For this level, we are told that the cipher differs from previous levels. Firstly, the cipher is now a stream cipher. This means that instead of using a fixed size key throughout the plaintext, the key is generated on-the-fly using a random number generator.

In the directory, we see the binary encrypt6, this has the will encrypt the given plaintext into ciphertext using keyfile.dat as the key.

We are given that this challenge may be difficult given that the key is randomly generated. Fortunately, looking at HINT2, we are told the random number generator is an 8 bit Linear Shift Feedback Register.

A linear shift feedback register is a relatively weak way of generating pseudo-random numbers. The main fault is that for an n bit LSFR, the pseudo-random numbers cycle, at a maximum, every 2ⁿ - 1 states. So for our 8 bit LSFR, we can expect the numbers to cycle every 255 or less numbers. Now we can look at exactly how many states it takes before the numbers cycle by encrypting a long string of the same letter and looing for a pattern.

For this, we will write a string of length 256, which guarantees the ciphered text will cycle at least 1 letter.

We can see the pattern EICTDGYIYZKTHNSIRFXYCPFUEOCKRN appear, which is 30 characters long, this means that out 8 bit LSFR cycles every 30 numbers.

To decrypt the file, we have to look at the behaviour one more time, this time we encrypt the character B repeatedly.

So comparing the first letters of each cipher, the cipher sent A to E and B to F. So the cipher also increases according to the letter's position in the alphabet.
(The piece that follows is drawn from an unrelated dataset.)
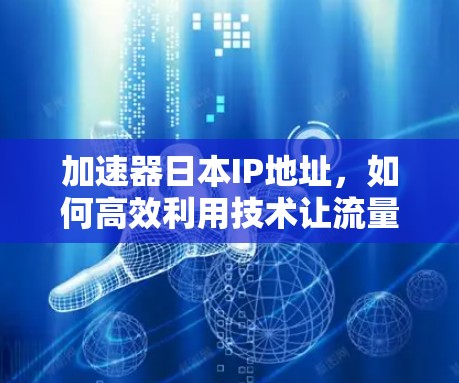 加速器日本IP地址，如何高效利用技术让流量如潮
It should also be noted that in comparing the 10^th letter of the cipher, the letter A is sent to Z and B is sent to A. This means that the cipher is also circular and that we are working with the plain alphabet.

So to break the cipher, we can use the results of the first cipher which we will simply call cipher. For each letter in krypton7, we subtract from it the next letter in cipher, and subtract again the value of the letter A, since we used that letter to generate cipher. Then, so as to keep the letters in the alphabet, is the result is less than A, according to the ASCII chart, we add 26. This gives us the corresponding plaintext letter. The C code below shows the steps.

Running the code, we get the final decrypted password, LSFRISNOTRANDOM.